Activity: Word for word, return the lines below from the first through the line that has "6310 Main St, Woodridge, IL 60517 - Photo 4", dropping the pictures.

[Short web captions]
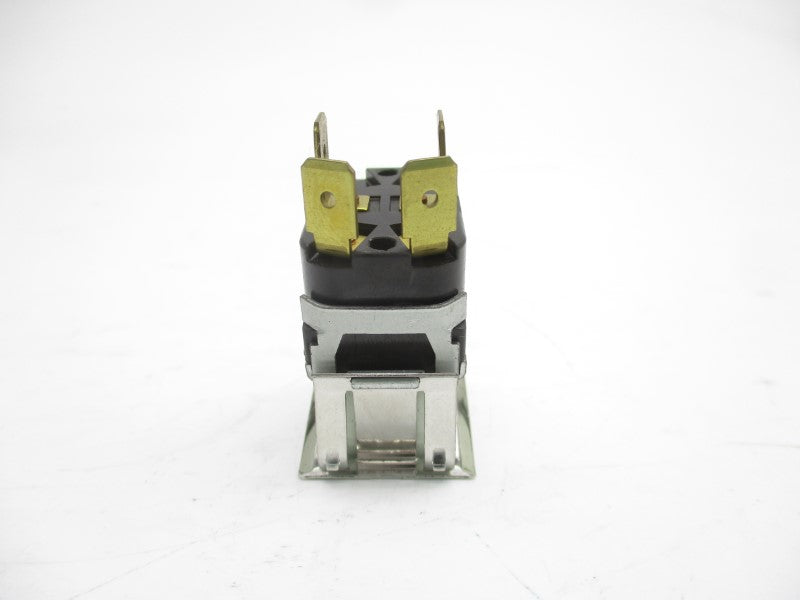 MCGILL 0811-1310 277VAC 20A NSNP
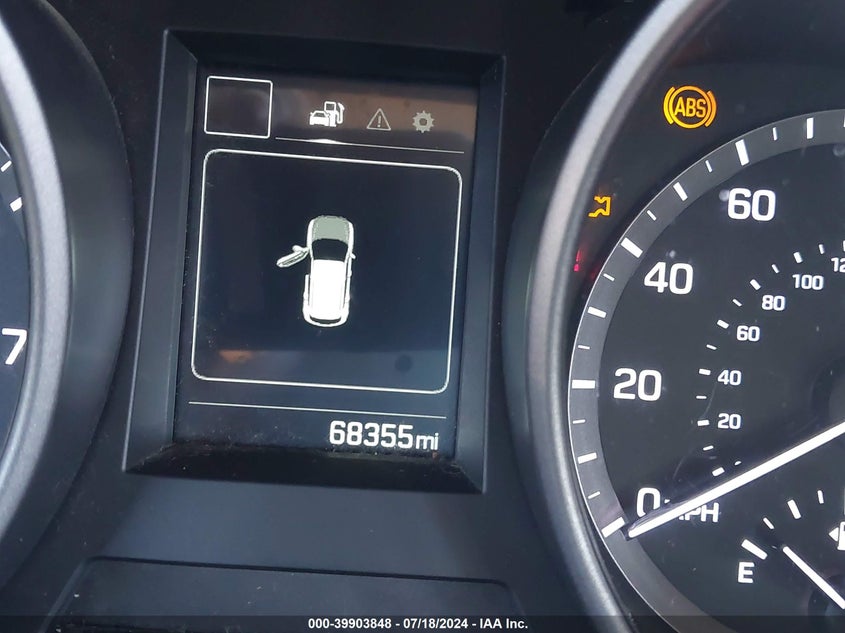 2017 Hyundai Santa Fe Sport 2.4L VIN: 5NMZUDLB8HH032920 Lot: 39903848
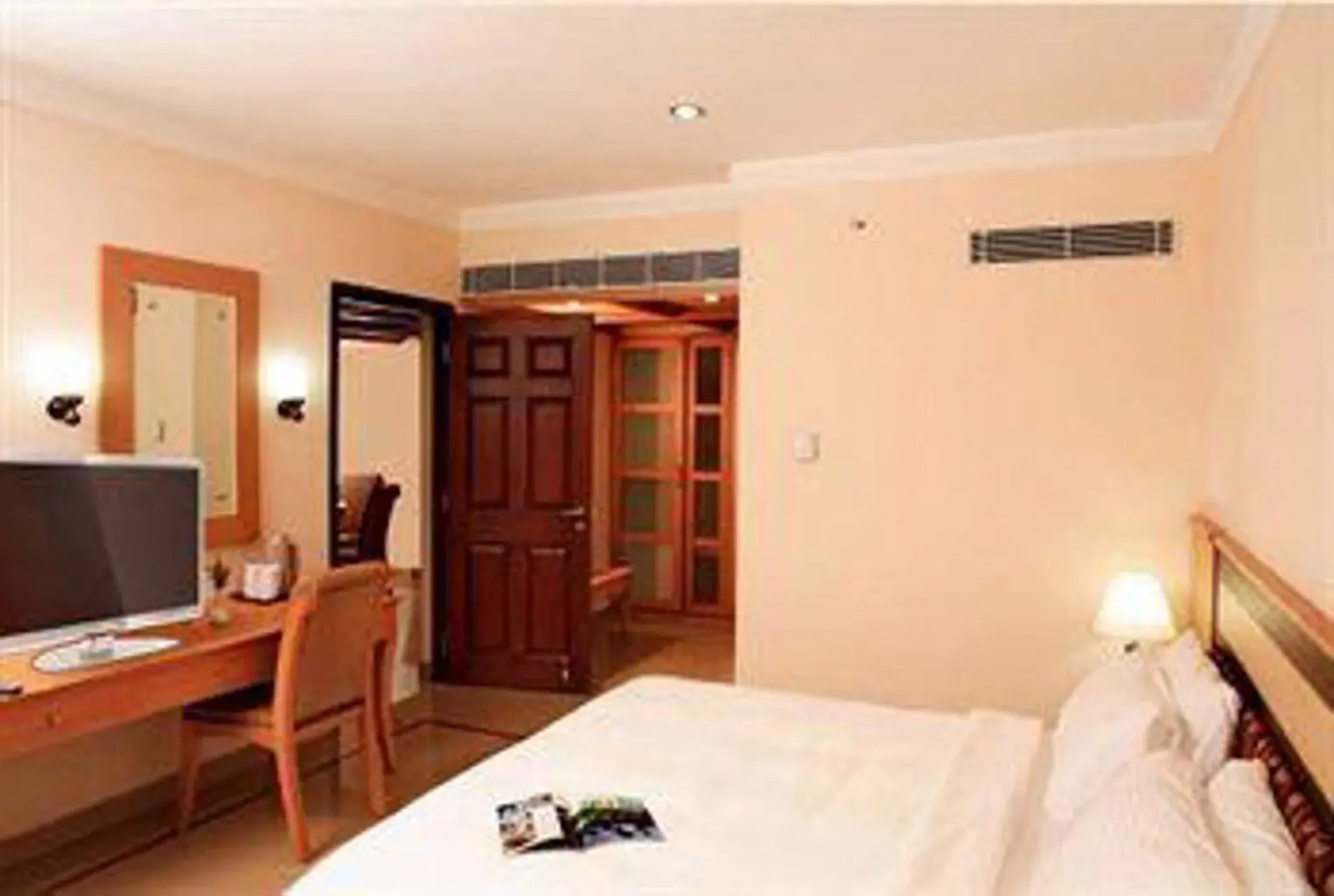 Hotel Pearl Continental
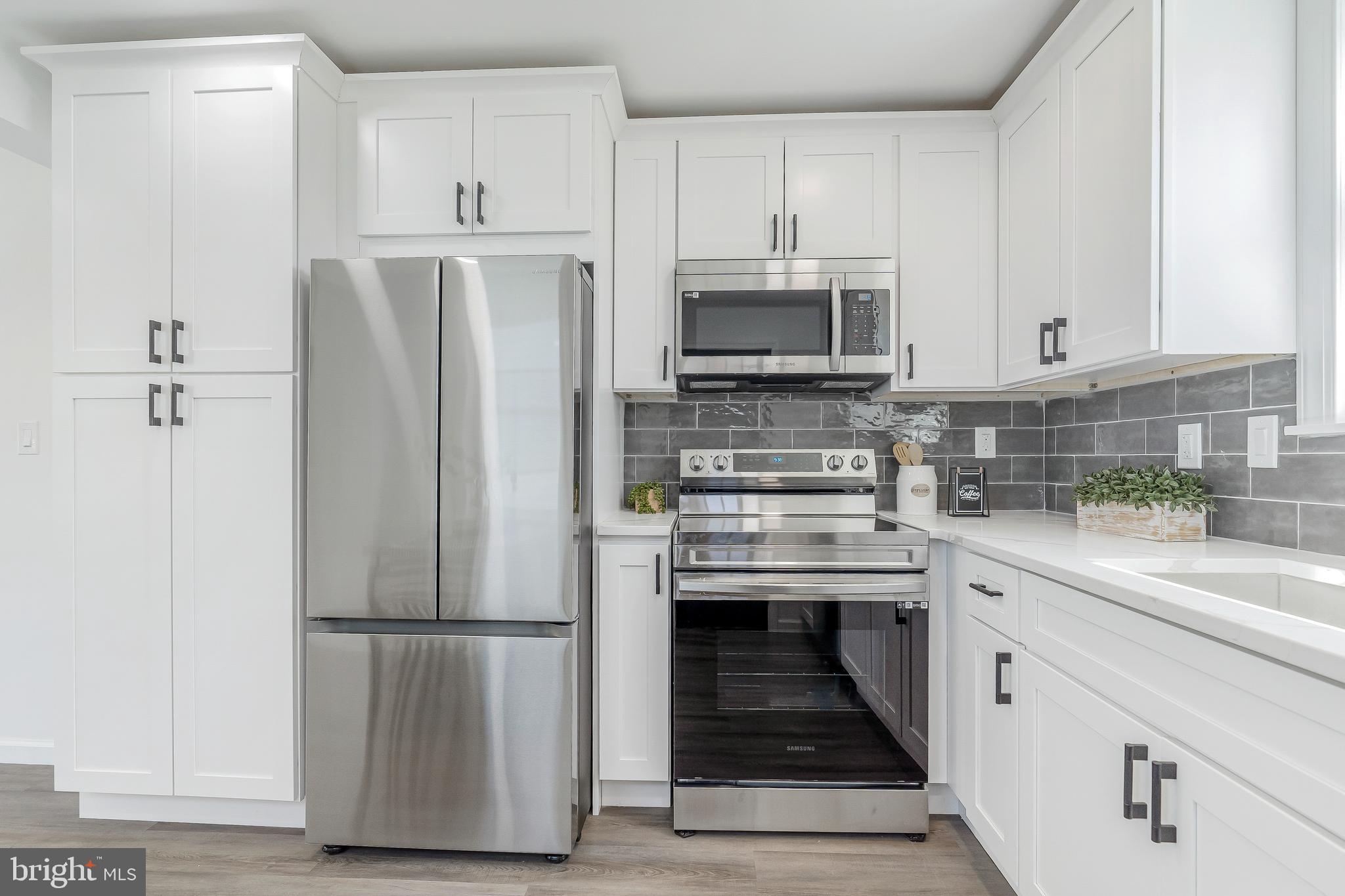 MARLYN TERRACE - Residential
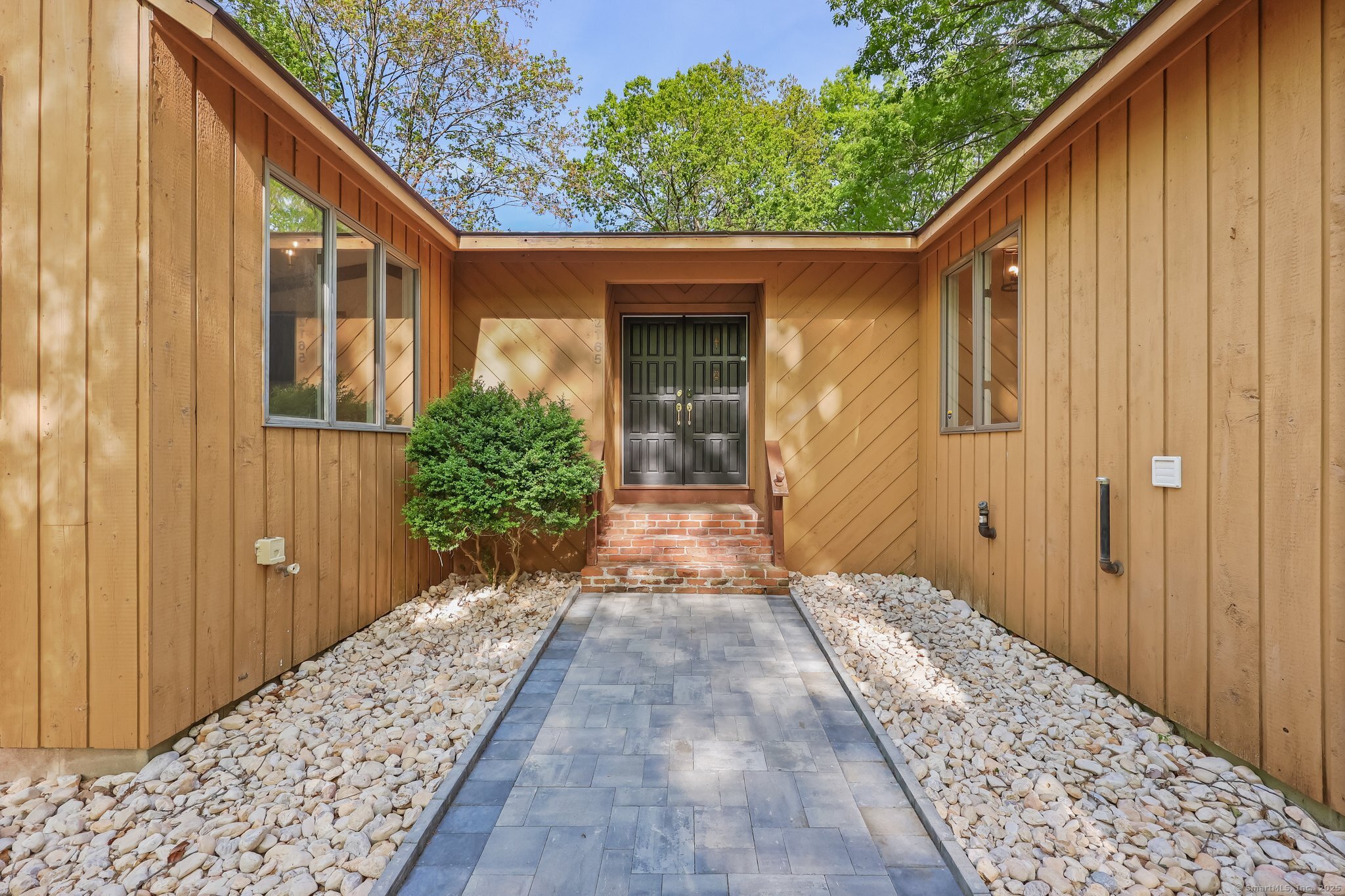 2165 Shepard Avenue, Hamden, Connecticut image 1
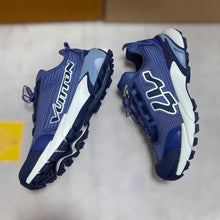 Load image into Gallery viewer, Shoes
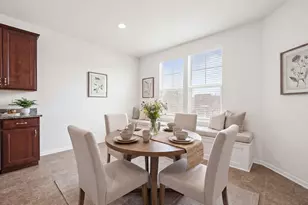 6310 Main St, Woodridge, IL 60517 - Photo 4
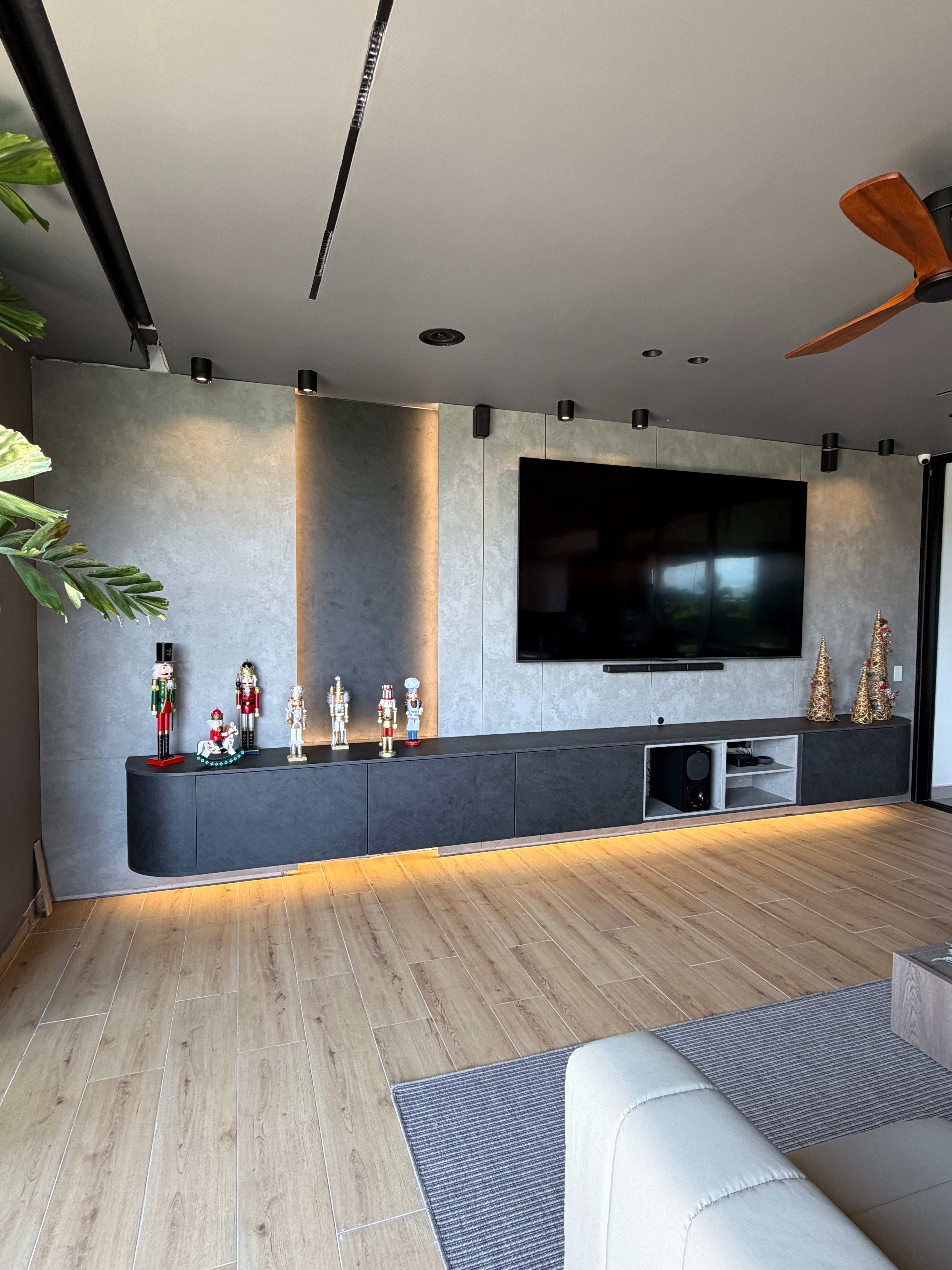 Centro de entretenimiento obelisco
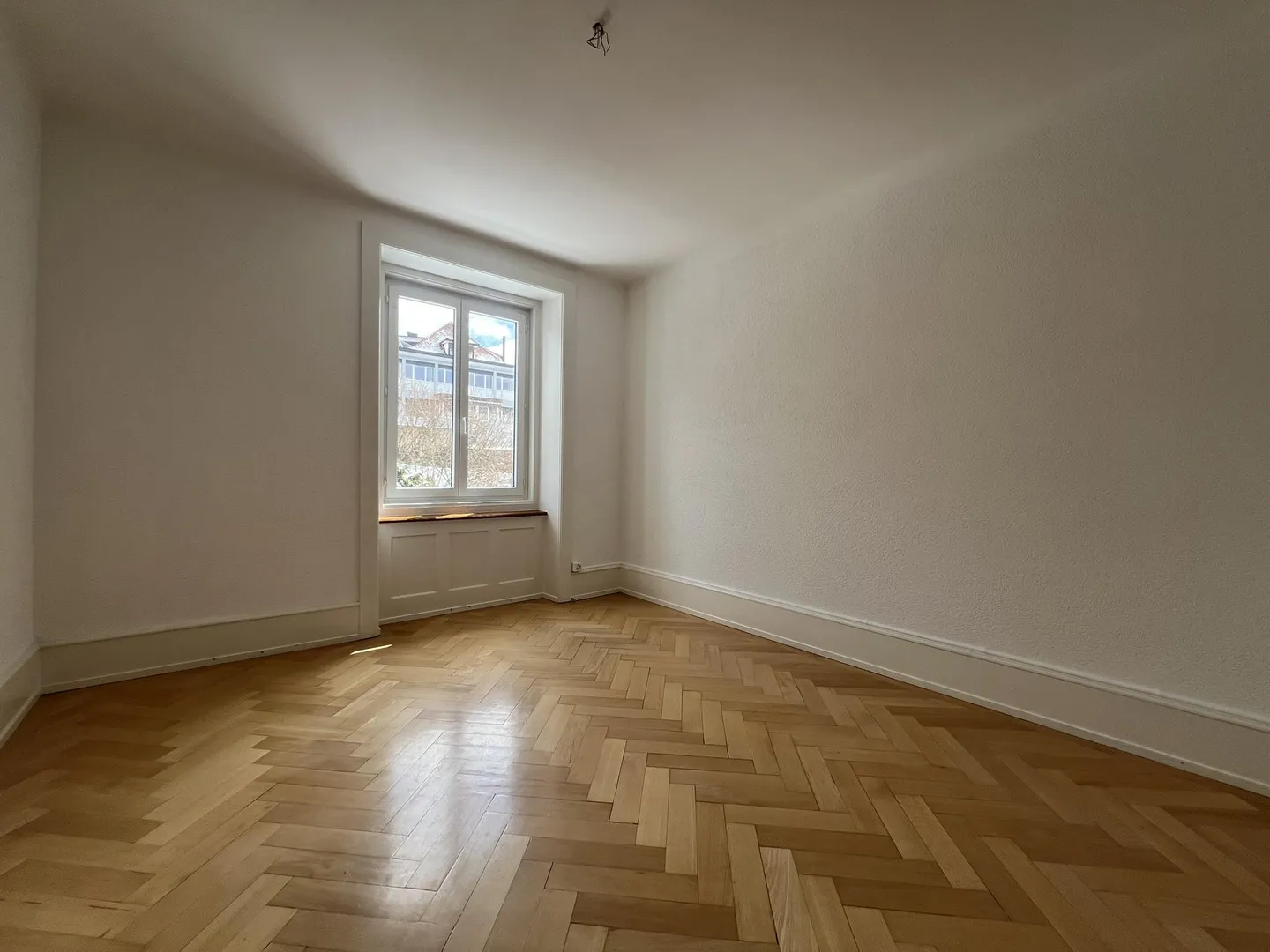 Appartamento affascinante di 3,5 stanze al 3° piano a La Chaux-de-Fonds - Foto 4 di 7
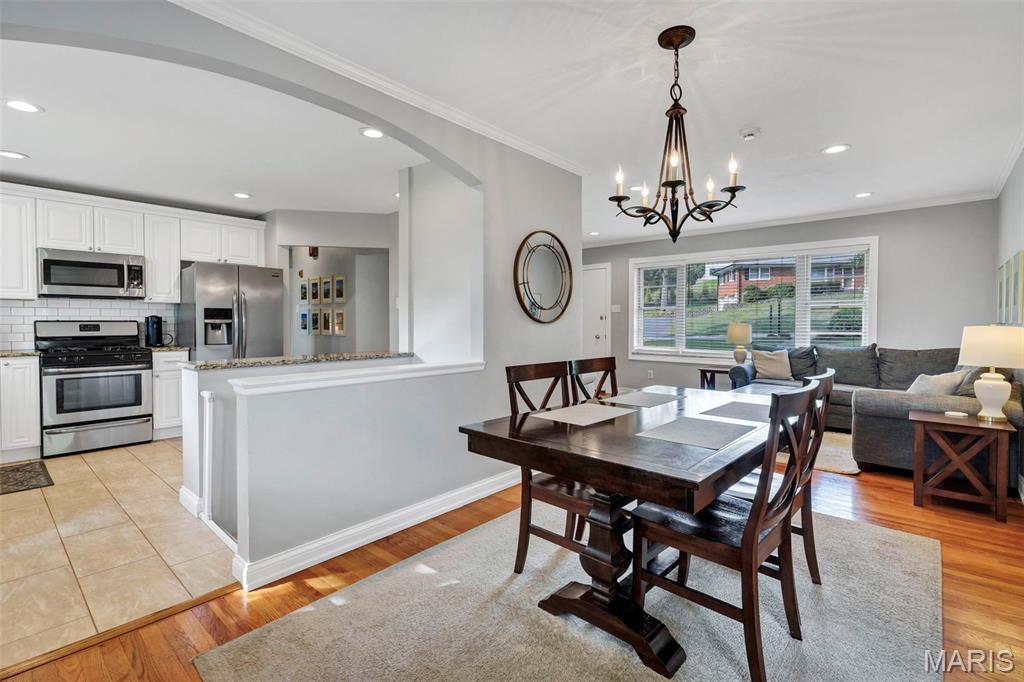 11 Hedgewood Lane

Expected answer:
 MCGILL 0811-1310 277VAC 20A NSNP
 2017 Hyundai Santa Fe Sport 2.4L VIN: 5NMZUDLB8HH032920 Lot: 39903848
 Hotel Pearl Continental
 MARLYN TERRACE - Residential
 2165 Shepard Avenue, Hamden, Connecticut image 1
 Load image into Gallery viewer, Shoes
 6310 Main St, Woodridge, IL 60517 - Photo 4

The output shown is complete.